TASK DESCRIPTION: Print the data exactly as written, line for line, and leave its pictures behind.

########

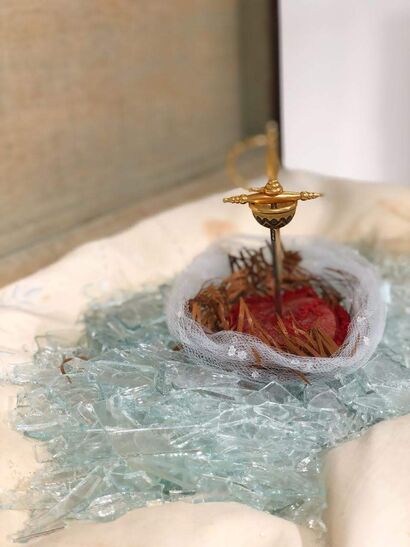 Crimson Bath - A Sculpture & Installation Artwork by Sophia Donadelli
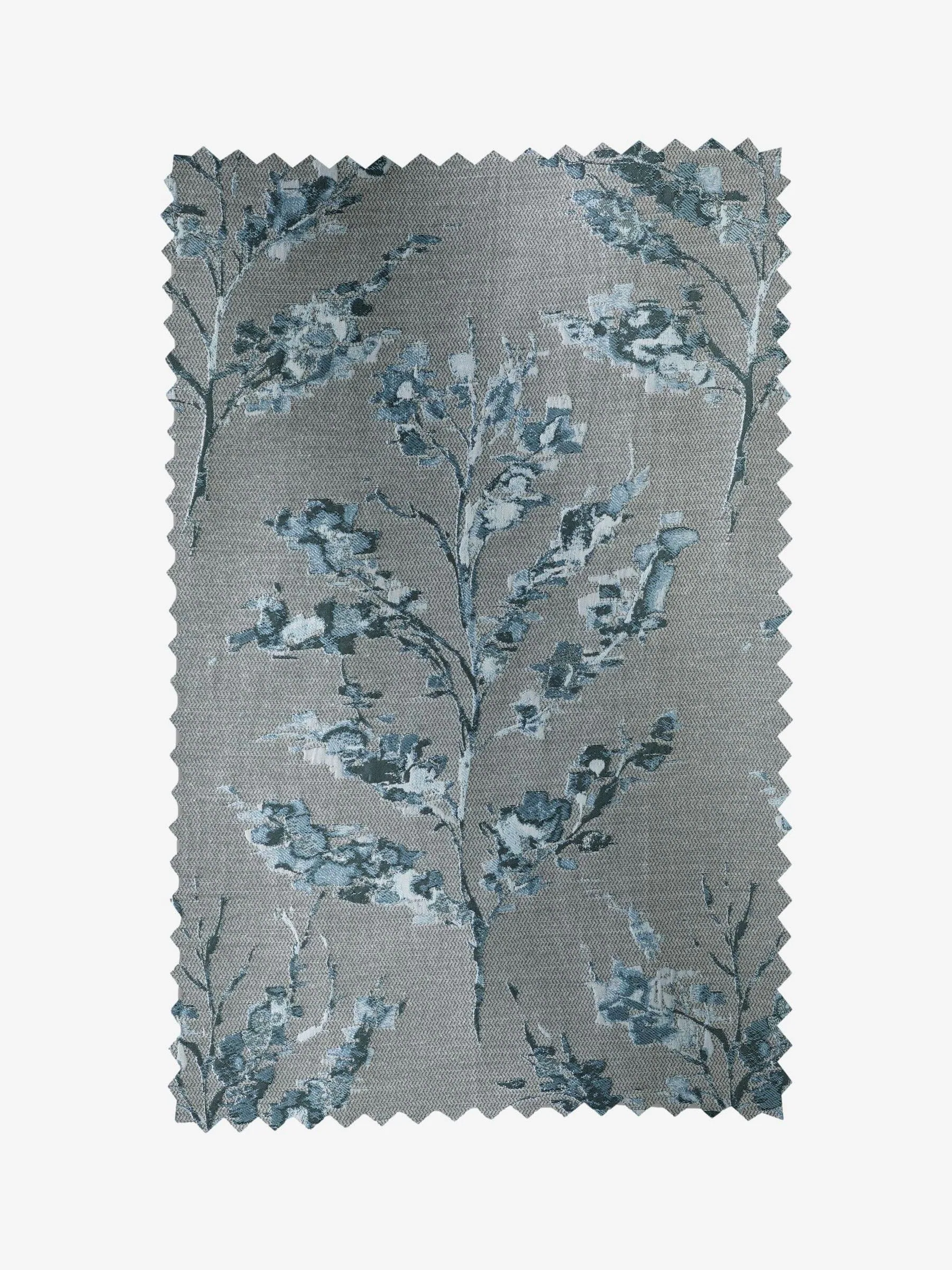 Floral Jacquard Eyelet Lined Curtains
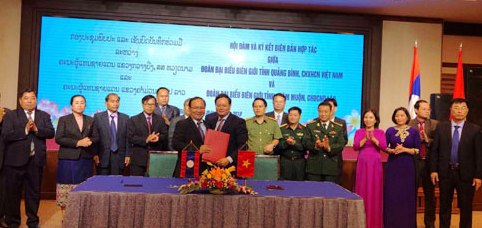 quang binh duy tri hop tac trong linh vuc quoc phong an ninh bien gioi voi tinh kham muon lao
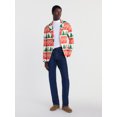 thumbnail image 2 of Jolly Knits Men's Christmas Holiday Print Suit Jacket Blazer, Sizes XS-3XL, 2 of 6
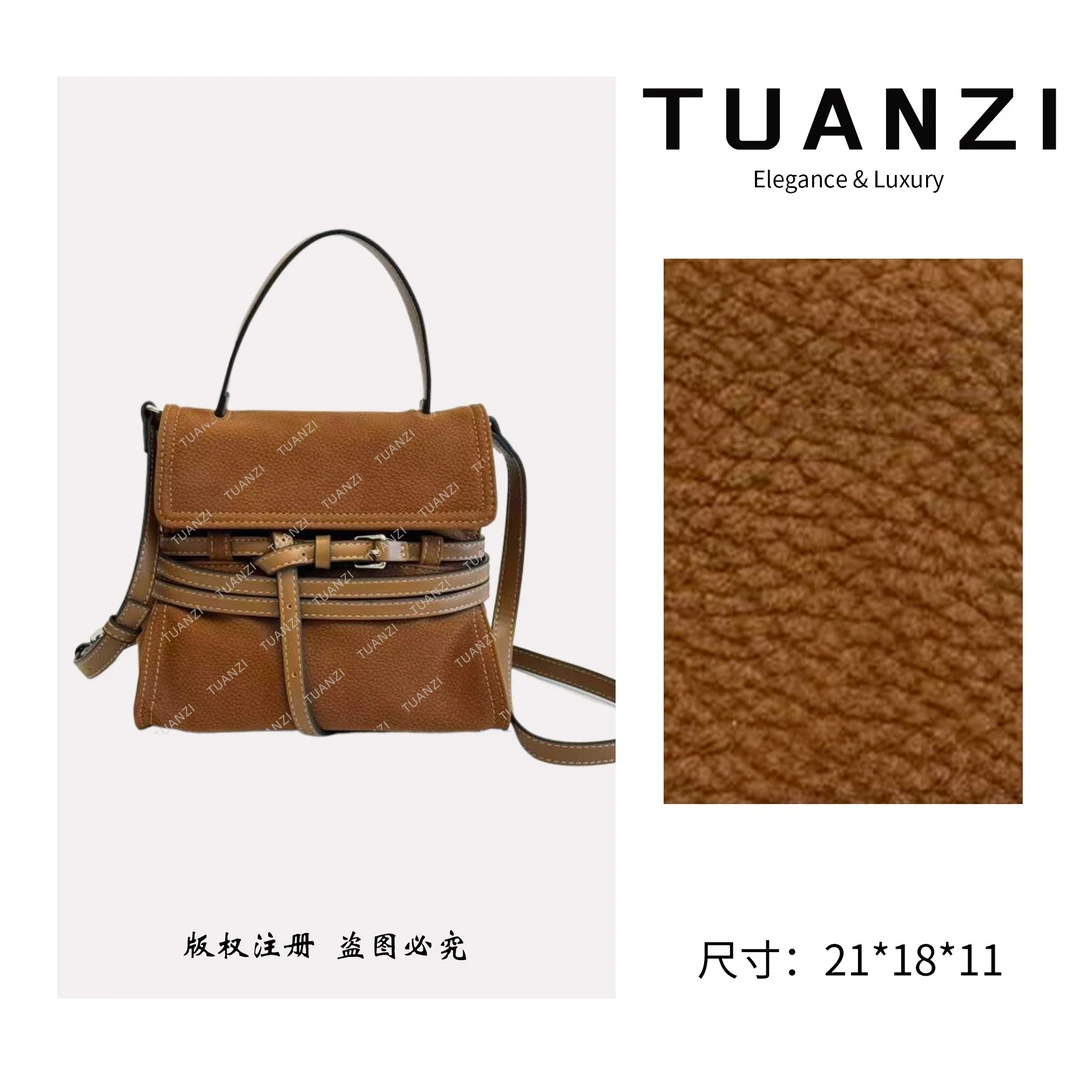 TUANZI『TieMeBag』莫斯家秋冬新款手提腋下包 XKY-2280-棕色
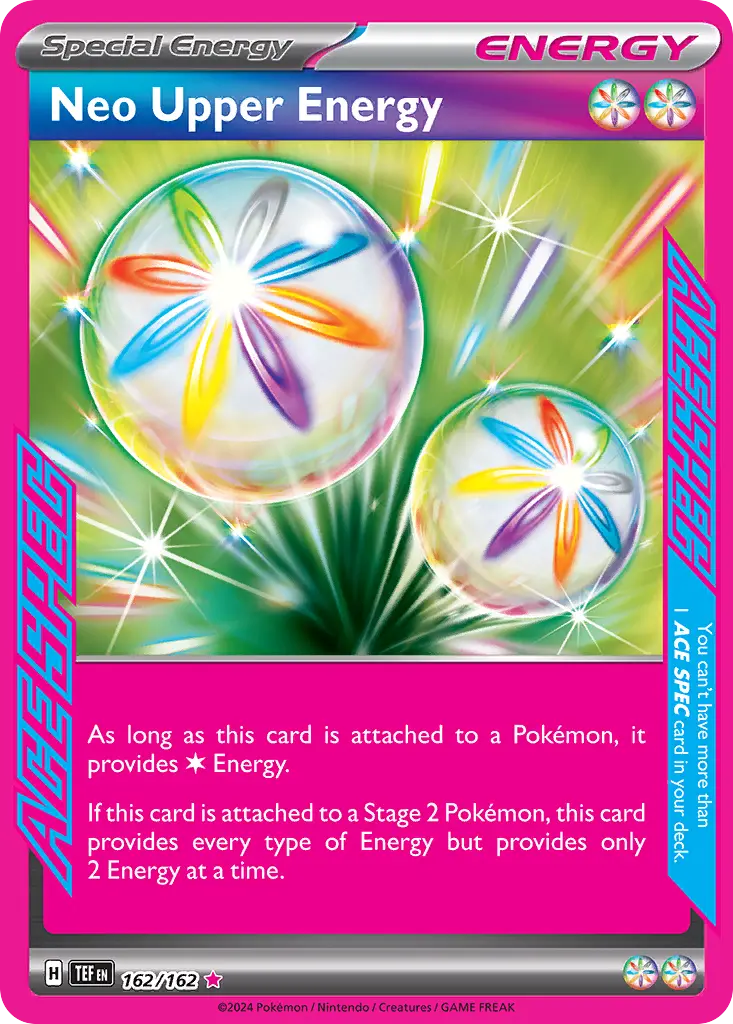 Neo Upper Energy (Temporal Forces) - Pokémon in TCG Land México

########

REPLY TO THE EXERCISE:
 Crimson Bath - A Sculpture & Installation Artwork by Sophia Donadelli
 Floral Jacquard Eyelet Lined Curtains
 quang binh duy tri hop tac trong linh vuc quoc phong an ninh bien gioi voi tinh kham muon lao
 thumbnail image 2 of Jolly Knits Men's Christmas Holiday Print Suit Jacket Blazer, Sizes XS-3XL, 2 of 6
 TUANZI『TieMeBag』莫斯家秋冬新款手提腋下包 XKY-2280-棕色
 Neo Upper Energy (Temporal Forces) - Pokémon in TCG Land México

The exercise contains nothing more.